Mais ces mouvements, comme on peut le voir avec les gilets jaunes, les luttes pour le climat ou les antivax, s’organisent en dehors du champ syndical…

Je mettrais de côté les antivax, mais ces nouvelles formes d’action et de protestation qui sont liées au travail ne rentrent pas dans le moule du syndicalisme classique. Elles se développent souvent dans des secteurs où les syndicats sont peu implantés. Ce qui n’enlève rien à la centralité du syndicalisme. Je pense qu’au contraire ça la renforce, en ce sens que ces luttes puisent dans l’imaginaire du syndicalisme, dans ses modes d’action pour revendiquer d’autres choix de société.
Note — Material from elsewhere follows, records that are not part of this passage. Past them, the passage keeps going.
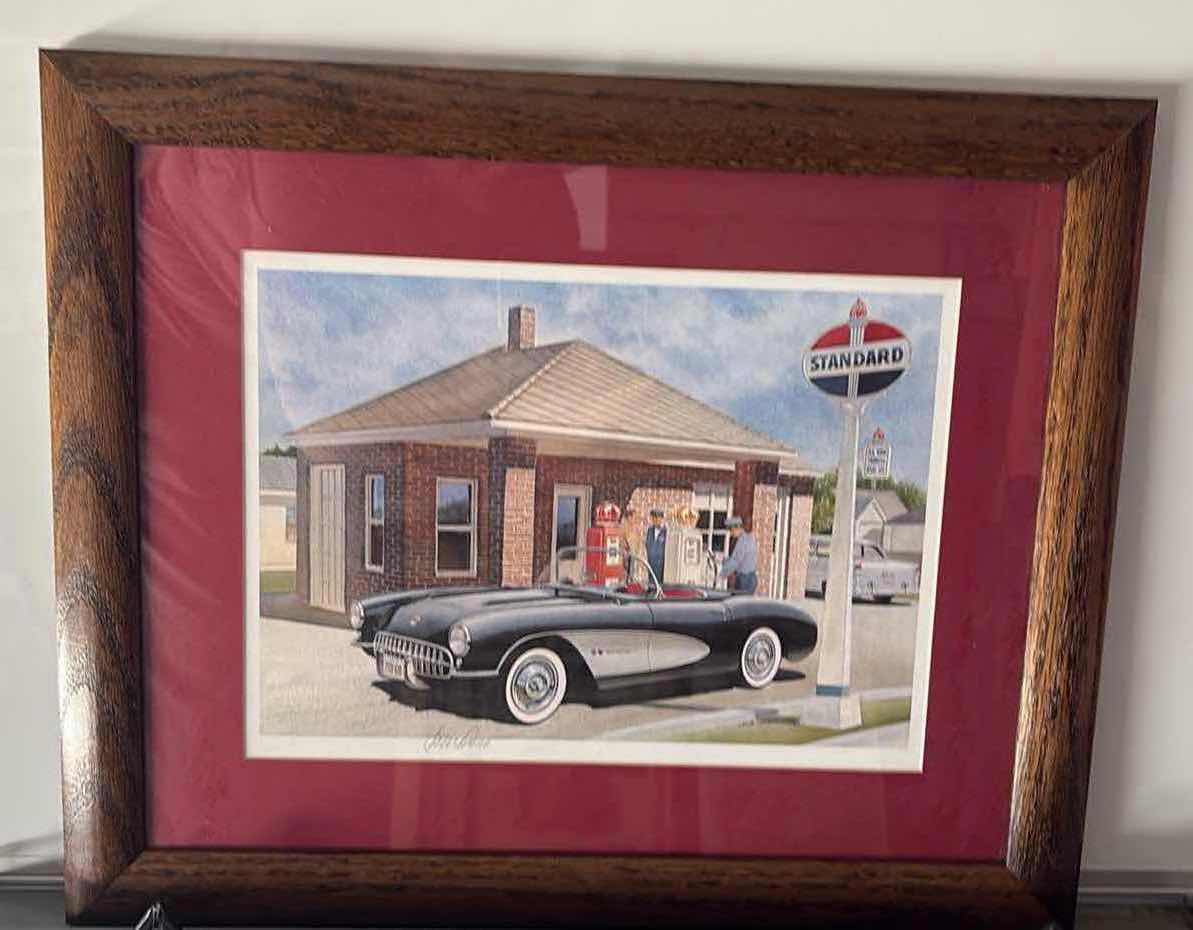 Photo 1 of 3-FRAMED VINTAGE SERVICE STATION ARTWORKS 24" X 24"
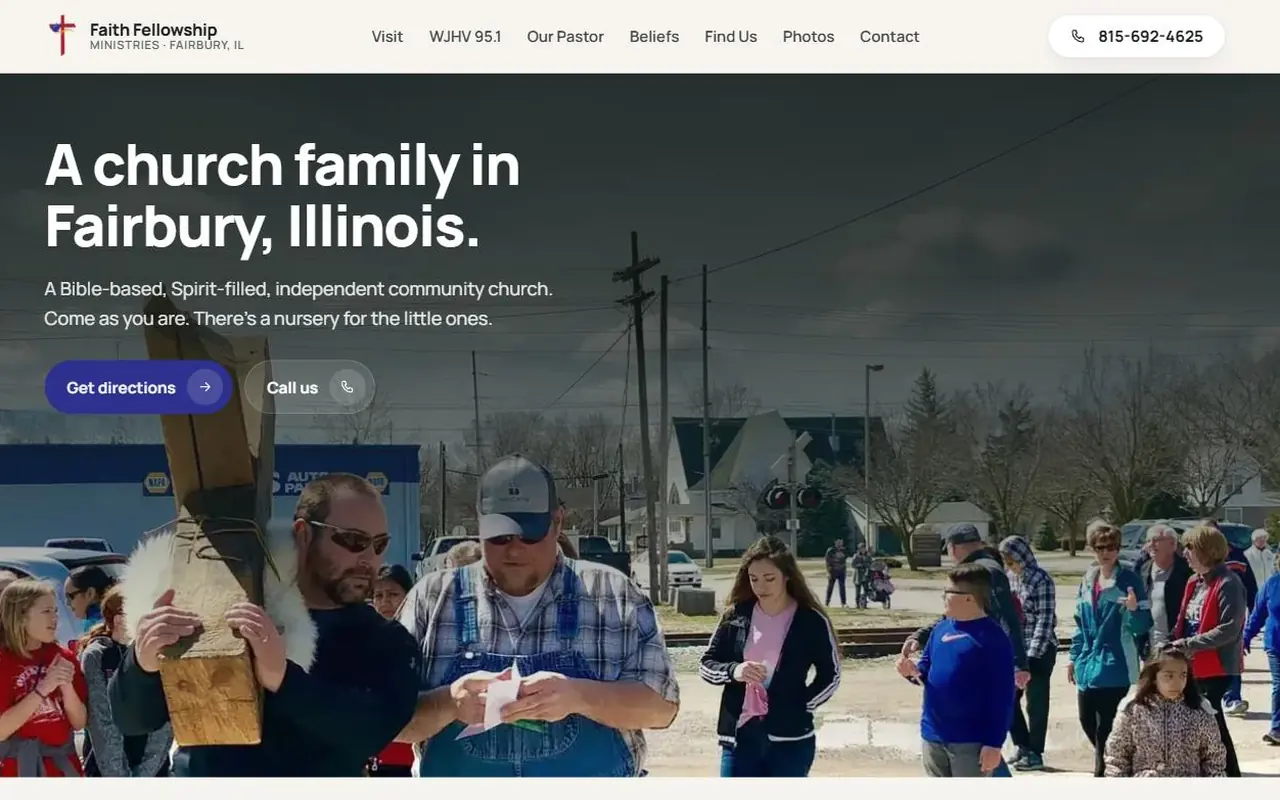 Faith Fellowship Ministries website home page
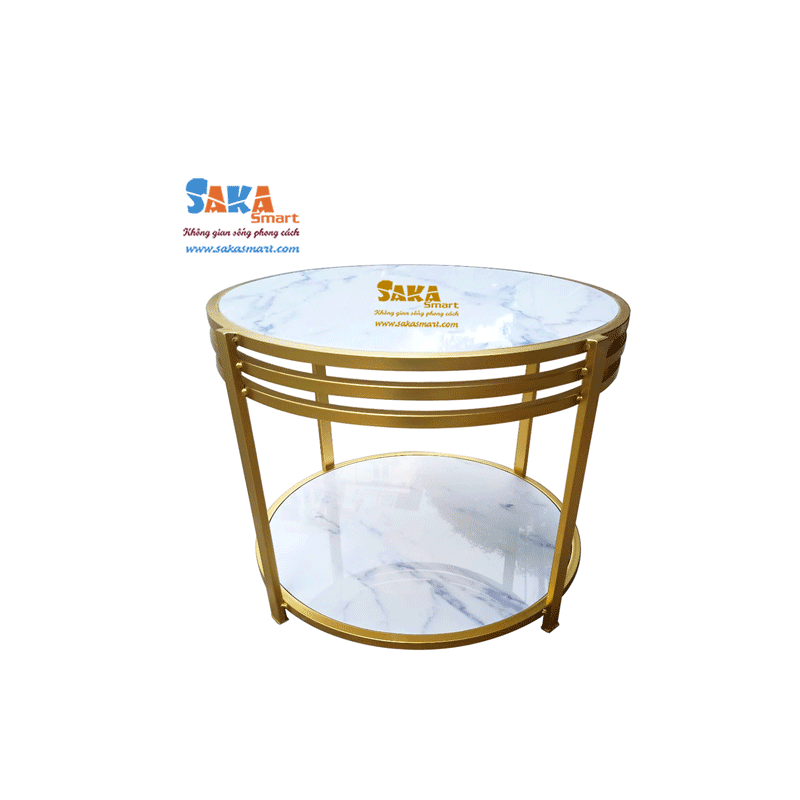 Bàn-Trà-Sofa-Tròn-2-Tầng-Mặt-đá-Trắng-Vân-3D-BSF-T25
Nous sommes en train de sortir d’un cycle de trente ans de dépolitisation du syndicalisme. La crise sanitaire, écologique, la guerre en Ukraine autant que la menace de l’extrême droite, la radicalisation du néolibéralisme poussent le mouvement syndical à remettre en question cette idée que, finalement, le syndicalisme ne pourrait tirer sa légitimité qu’en agissant dans le champ de la démocratie sociale, par le biais de la négociation collective, en restant à l’écart de toutes les questions politiques plus larges. Les convergences entre la CGT, Solidaires, la FSU et des associations comme Attac et Greenpeace autour d’un programme de transition écologique en donnent une bonne illustration. J’ai envie d’espérer que cela ouvre un nouvel horizon pour l’action syndicale qui contribue aussi à sa redynamisation.